This solution is based on the Jose's answer, but it construct a strategy with an arbitrary win chance.

Winning with an arbitrary win chance

xnor showed int this post that a group with $2^i-1$ person can achieve a win chance of $1-\frac{1}{2}^i$.
Or in other words for all $p\in [0,1)$ there exists an group size $n$ so that the group has a win chance of at least $p$.

Now we make infinity many groups numbered from 1 onward.
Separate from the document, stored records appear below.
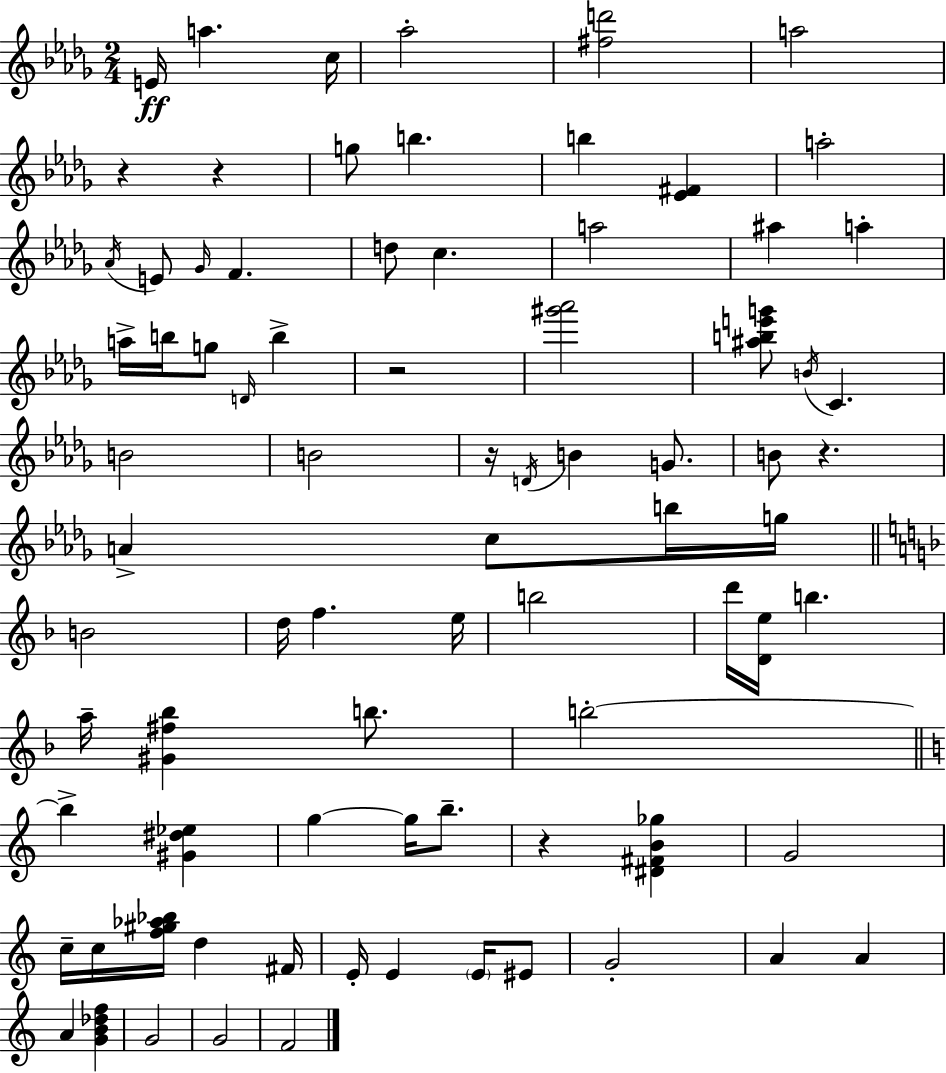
{
  \clef treble
  \numericTimeSignature
  \time 2/4
  \key bes \minor
  \repeat volta 2 { e'16\ff a''4. c''16 | aes''2-. | <fis'' d'''>2 | a''2 | \break r4 r4 | g''8 b''4. | b''4 <ees' fis'>4 | a''2-. | \break \acciaccatura { aes'16 } e'8 \grace { ges'16 } f'4. | d''8 c''4. | a''2 | ais''4 a''4-. | \break a''16-> b''16 g''8 \grace { d'16 } b''4-> | r2 | <gis''' aes'''>2 | <ais'' b'' e''' g'''>8 \acciaccatura { b'16 } c'4. | \break b'2 | b'2 | r16 \acciaccatura { d'16 } b'4 | g'8. b'8 r4. | \break a'4-> | c''8 b''16 g''16 \bar "||" \break \key f \major b'2 | d''16 f''4. e''16 | b''2 | d'''16 <d' e''>16 b''4. | \break a''16-- <gis' fis'' bes''>4 b''8. | b''2-.~~ | \bar "||" \break \key a \minor b''4-> <gis' dis'' ees''>4 | g''4~~ g''16 b''8.-- | r4 <dis' fis' b' ges''>4 | g'2 | \break c''16-- c''16 <f'' gis'' aes'' bes''>16 d''4 fis'16 | e'16-. e'4 \parenthesize e'16 eis'8 | g'2-. | a'4 a'4 | \break a'4 <g' b' des'' f''>4 | g'2 | g'2 | f'2 | \break } \bar "|."
}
The $i$'th group should have a win chance of at least $p_i = (1-\epsilon)^{\frac{1}{2}^i}$.

To achieve that the groups must have $2^{\lceil log_2(\frac{1}{1-p_i}) \rceil}-1$ member.

The probability that all groups win is at least $$\prod_{i=1}^\infty p_i=\prod_{i=1}^\infty (1-\epsilon)^{\frac{1}{2}^i} =(1-\epsilon)^{\sum_{i=1}^\infty\frac{1}{2}^i} = (1-\epsilon)^1 = 1-\epsilon$$

So for all $\epsilon>0$ there is strategy that has a fail chance at most of $\epsilon$; or in other words: There is a strategy that has a win chance as close to 100% as you want (at least if you want it to be lower than 100%).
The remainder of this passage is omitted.